Yo Cristin, GUESS WHAT? You don’t need to lay out in words what you bought your baby for Easter, because you already laid out most of it in the picture you posted, and no one cares. There’s really nothing ‘lol’ about it. It’s simple: You and your relatives think this is an appropriate amount of stuff to gift a baby for Easter, and you’re wrong. Easter isn’t for gifting Puma sneakers. It’s not even for gifting TOMS sneakers, although I guess technically they qualify as charity. It’s about chocolate, and bunnies, and eggs, and maybe some books for good measure. It’s not about Baby GAP jeans or bragging on Facebook. I know this lesson won’t come easy since you’re surrounded by people like Connie, but I’d like to believe that people like Karen will make some kind of positive impression in the future.

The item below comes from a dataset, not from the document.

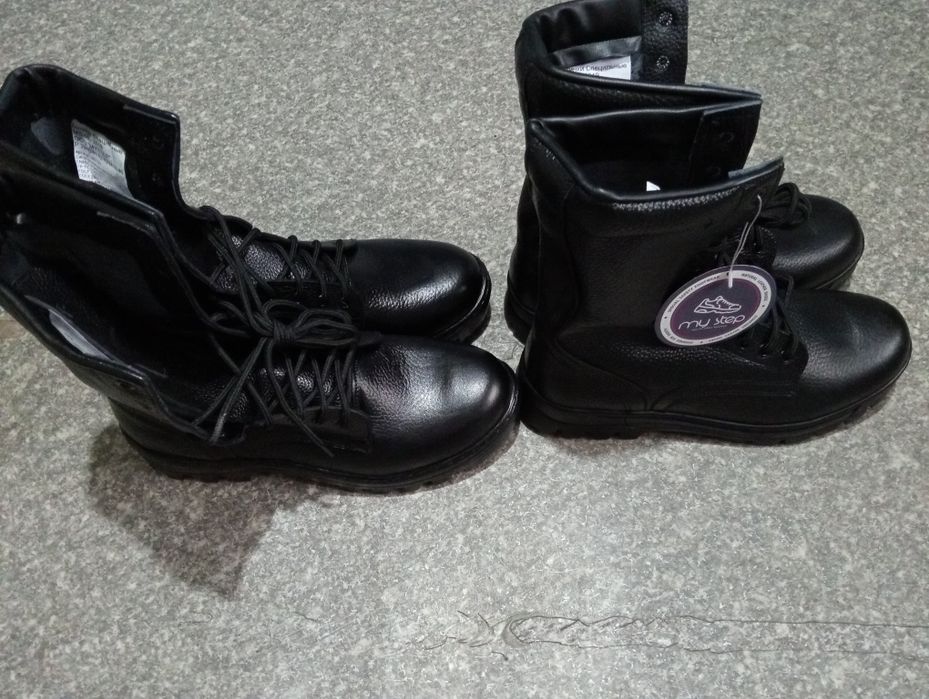 Продаю берцы натуральные кожы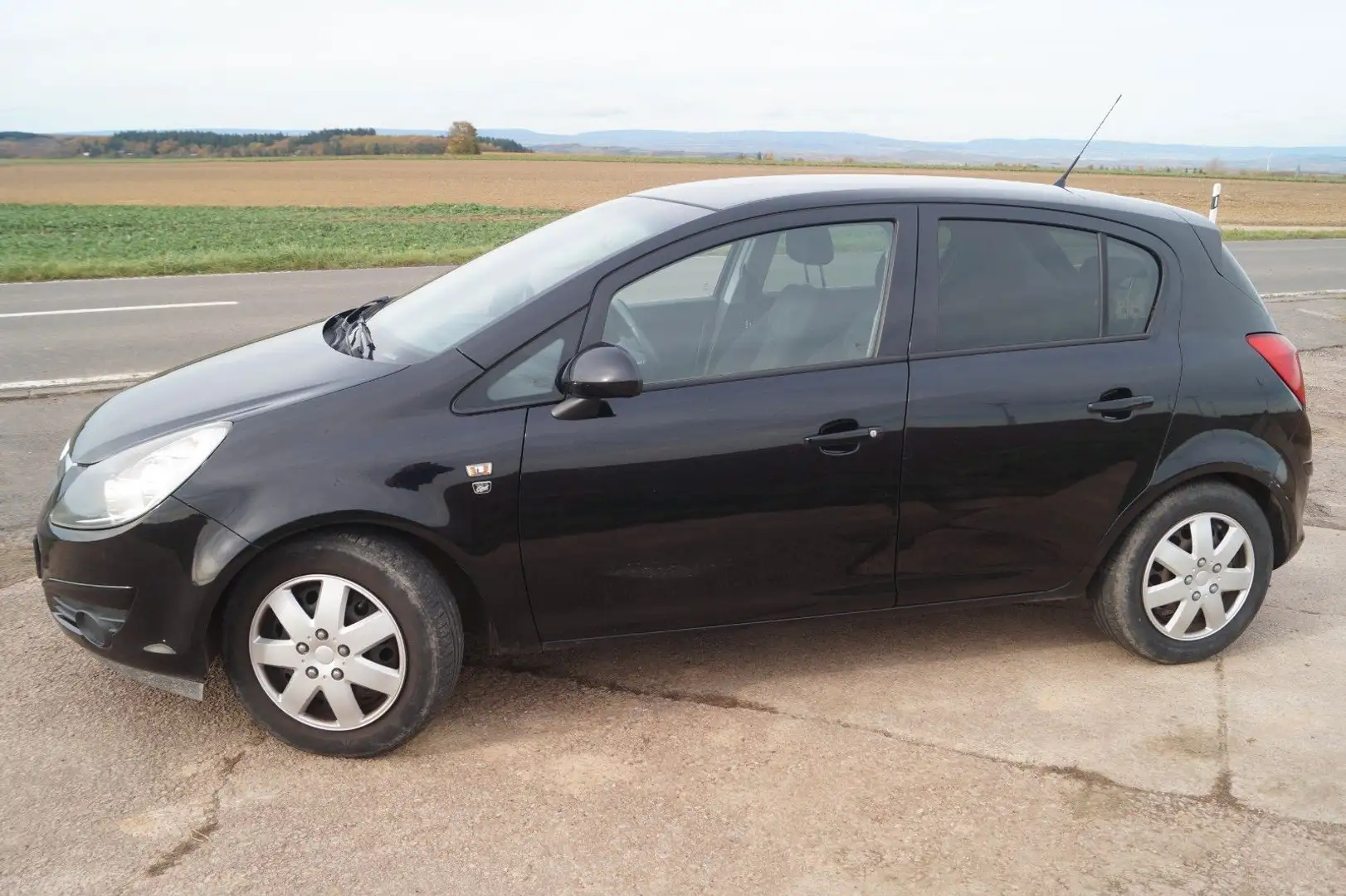 Opel Corsa D Edition "111 Jahre" Schwarz - 2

3. Traditional Easter Computer

3._3rd & 4th grade

I have no problem with parents giving their kids a computer, but what is it about a computer that screams “Easter present” to Diana and Jerry? In fact, why does anyone give their kid(s) electronic devices as Easter gifts? It makes about as much sense as posting a photo of the computer box on Facebook and joking about how bored the kids will probably be with their brand new computer. For Easter. What.

4. Guess How Much? (No, really. Guess.)


*Note: There is no physical way to cram all this stuff into that Hello Kitty basket. None.


Contrary to what Krystal’s inner voice is telling her, pumping up the magic for Easter doesn’t entail buying more Sour Patch candy. How about just dyeing a half-dozen eggs together with a few drops of food coloring and some glitter? Not that this Easter basket is really that over-the-top, but qualifying magic with big spending isn’t the best way to teach your kids the meaning behind religious holidays. At the very least, don’t post a gauche photo on Facebook and ask your friends to guess how much you spent. This almost makes me miss the Elf on the Shelf.

5. Easter Is Like Christmas Minus The Wrapping Paper


Is that a pile of clothes, toys, and Snapple for a needy families donation drive, or did Jenn and Michael just cover their couch with as much stuff as they put under the Christmas tree a mere few months ago? It sure LOOKS like it’s a lot to dig through. But maybe with their kids in the picture, it would look like less.


Nope, still looks like Christmas. Except this shot also features a bike. I can’t even tell if these photos were taken in the same year, much less the same house. All I know is, these kids clean up on Easter, so Christmas must be like a super sized holiday spectacular, complete with operational carousel in the driveway. I’m also not seeing too much in these shots that looks “Easter-y.” Maybe I’m just a Peeps-loving, chocolate-bunny-endorsing Jew, but since when do Easter, Snapple, and bikes go together?

6. I’m Not A Regular Mom, I’m A #CoolMom

6. ugh

Finally, we have a mother so determined to impress her little girl, she joyfully acknowledges that Easter in her house has become Christmas 2.0. Forget one oversized Disney princess bag with an oversized stuffed animal in it! This little girl needs multiple bags for multiple oversized stuffed animals! It’s like Oprah stopped by and said, “Who needs one Easter basket when you could have FIIIIIIVE EASTERRRR BASKETSSSSS!!!!!!!” This is the way of the modern parent. More stuff equals more “cool mom points,” and more cool mom points equals more social media bragging rights. Thankfully, the next big holiday isn’t for several more months, so parents should have plenty of time to start planning.